Milestone #1

On the occasion of our 25th anniversary, Literary Managers & Dramaturgs of the Americas devoted 2010 to remembering. And commemorating. And visioning.  Over the past several months, we posted online a series of recollections about our history, our founding artists, and our accomplishments in that quarter of a century—reiterated in the narrative below.  We hope that these posts have shed some light and have stirred some fond memories.

 

And so we begin.

The year was 1984. In January, Apple introduced its Macintosh personal computer.  In October, Bishop Desmond Tutu’s Nobel Peace Prize was announced.  In November, “Band-Aid” recorded its first charitable hit.

In December, Cynthia Jenner, Alexis Greene, and Thomas Dunn laid the framework for a not-for-profit theatre organization in a letter to the Jerome Foundation.  Along with a host of colleagues, they envisioned a dramaturgy and literary management support program, soon to be incorporated, that would include in its mission publishing a quarterly newsletter; providing a computerized information bank (including a dramaturgy bibliography and a list of academic programs and courses to support the field); establishing an intern program; and creating a committee to begin a series of conferences.
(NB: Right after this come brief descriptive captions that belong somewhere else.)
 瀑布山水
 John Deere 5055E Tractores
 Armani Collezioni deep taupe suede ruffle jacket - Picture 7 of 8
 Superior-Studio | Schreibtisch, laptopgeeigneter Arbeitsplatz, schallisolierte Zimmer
Prior to that document’s generation and submission, as former LMDA President David Copelin has noted, “dramaturgs in the New York-New Jersey-Connecticut area had been meeting informally once a month, usually for lunch. . . . We often spoke (sighed, actually), about creating a national, formal organization of ‘turgs.”
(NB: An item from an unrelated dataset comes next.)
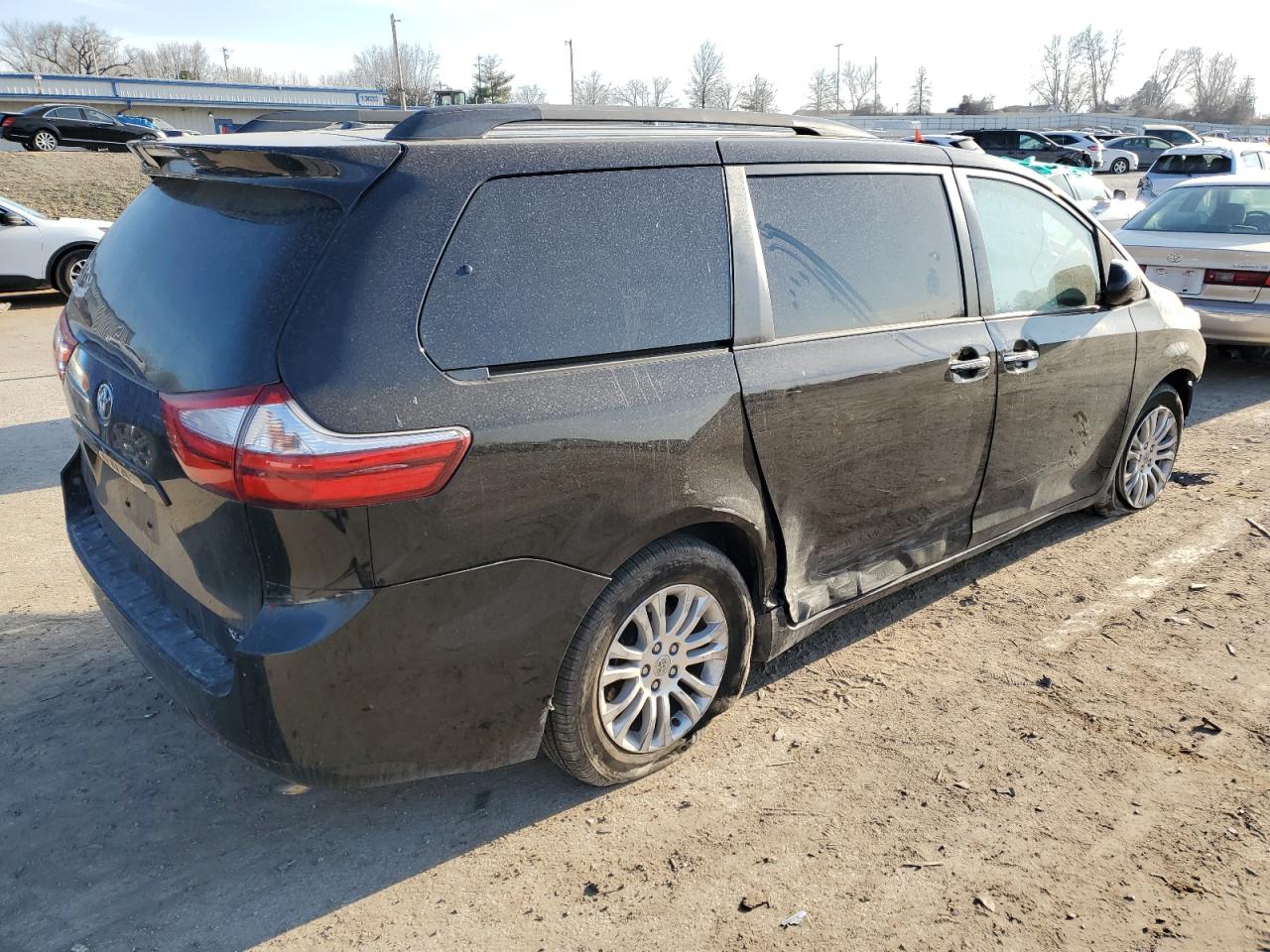 2015 Toyota Sienna Xle VIN: 5TDYK3DC2FS573488 Lot: 44770774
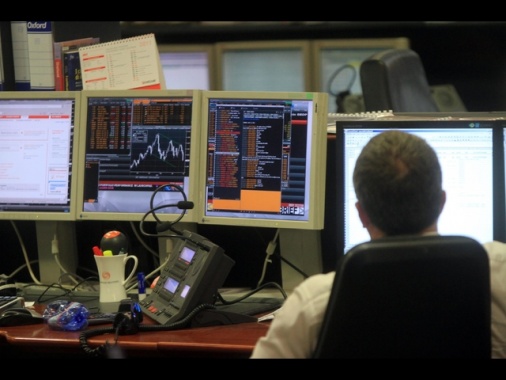 Borsa: Milano apre in deciso rialzo, +1,49%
New Dramatists generously donated office space and the use of its New York City facilities.  On March 26th, 1985, LMDA was incorporated with directors Thomas G. Dunn, Susan Gregg, and Bonnie Marranca officially at the helm. That November, a national conference was sponsored by the newly formed LMDA and collaborators at Hunter College, assisted by a grant from the Arthur Foundation.  (Notably, this first $1,000 grant was not awarded to a dramaturg but to playwright Sheldon Rosen, who authored a short play for a workshop at the conference.)  Des McAnuff gave the keynote address, which was published in American Theatre and what was then called the LMDA Newsletter (1.1, January 1986). 

In August of 1986, the first “official annual” LMDA conference was held at New Dramatists, an organization that would continue to be a much appreciated friend.  That year the second issue of Yale Theater to be devoted to dramaturgy was edited by member Mark Bly. (The first was edited by Joel Schechter in 1978.)  In 1988, Michael Devine and DD Kugler became the first Canadian members of LMDA, and Kugler would later become the first Canadian officer (Vice-President, Communicationand later LMDA President).  LMDA Canada (established 1997), under the long-term leadership of Brian Quirt (later LMDA President) and currently Vicki Stroich (also 2010 Conference Chair), has achieved the distinct status of existing as both a strong national unit and a vital and integral partner in the umbrella organization Literary Managers and Dramaturgs of the Americas.